The Shabbat Dinner That Comes With A Side Of Chicken Nuggets

"In Judaism, ritual is what keeps people together," Rabbi Isaiah Zeldin says in the trailer for the short film Wendy's Shabbat, which features Rabbi Zeldin and a group of elderly Jewish people who, as the title suggests, get together every Friday night to observe the weekly Shabbat dinner at their local Wendy's location (yes, that Wendy's).

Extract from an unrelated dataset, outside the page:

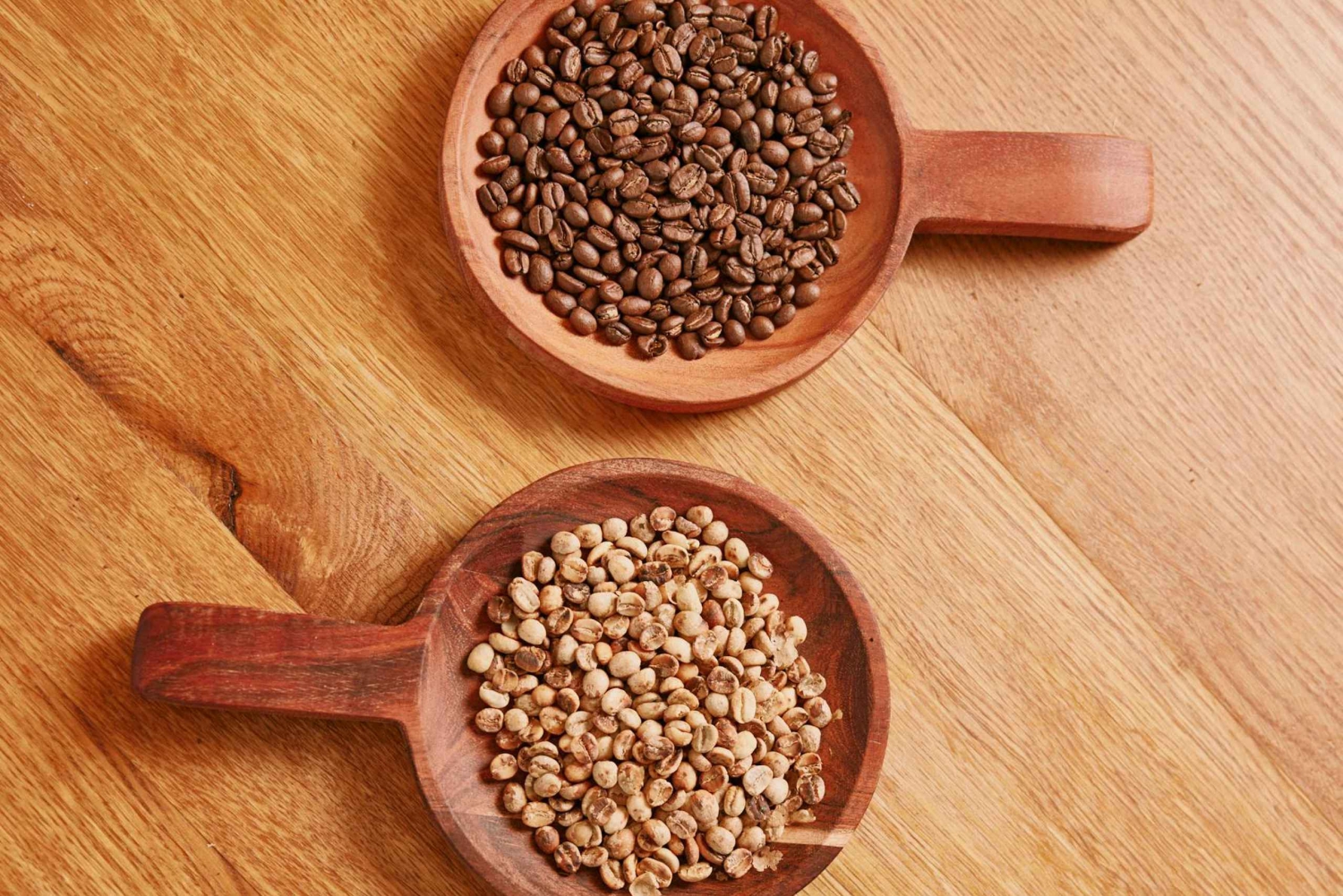 Berlin: DIY Coffee Roasting Workshop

Rachel Myers' grandmother, Roberta, is a regular at the Wendy's Shabbat, and it was through her that Myers learned about it. Eventually, she and an all-female crew decided to film the dinner and interview the attendees about what keeps them coming back week after week. The resulting documentary is simultaneously a demonstration of enduring faith as well as a meditation on the value of human connection. Like Rabbi Zeldin said, religious rituals provide the foundation on which communities are founded and sustained — and that sense of togetherness, more than anything else, is what drives the guests at the Wendy's Shabbat to keep the tradition alive.
Wendy's Shabbat is screening at the Tribeca Film Festival this Saturday and next week. I spoke with Myers about making the film, the effect it's having on audiences, and the importance of community.

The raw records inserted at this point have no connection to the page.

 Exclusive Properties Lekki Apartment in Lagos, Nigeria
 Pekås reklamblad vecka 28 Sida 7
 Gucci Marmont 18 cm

Interview has been edited for length and clarity.
Your grandmother is featured in the film, so I know you have a personal connection to the story, but when did you decide to make the film?
"I was out there one weekend [visiting my grandmother] and it was Shabbat on Friday night. I went out with her and I thought it was such a beautiful little tradition that they had. I took some photos of it and thought this would be a really great documentary. I mentioned it to them —they’re all very open-hearted about trying new things. I said to the group, 'Would you be okay with somebody coming to film you?' They said, 'Oh, that’d be fun.' And I kind of sat on it for a while. A friend of mine is a documentary producer, and I was having lunch with her. I said, 'You know, I have a great idea for a documentary,' and I casually showed her the photos that I’d taken... That was sort of what lit the fire and put all the pieces together. I’ve been working in the film industry for 15 years, so I called some friends, coordinated people to come out and work with me on it, we storyboarded it, and before I knew it, it was a film shoot."
Why did the group choose Wendy’s in particular? Why not one of their houses or a different restaurant?
"I think at that age they want to get together actually is a lot to entertain — to get your house cleaned, buy food or cook food, then clean up. They all wanted to do something, but nobody had to do any work this way. It was an easy way to see one another. They have different dietary needs [and] everyone could order what they wanted. It was inexpensive, because they’re on fixed incomes. And it’s sort of in-and-out — you can leave when you’d like. I think that’s where it came from, honestly... I happened to be Wendy's because they liked the chicken nuggets, but it could have been IHOP or Denny's or California Pizza Kitchen just as easily. It’s just that [Wendy's] was in close proximity to where they were living and it’s affordable."
Did they have to make adjustments to the Shabbat ritual itself given the setting, the menu?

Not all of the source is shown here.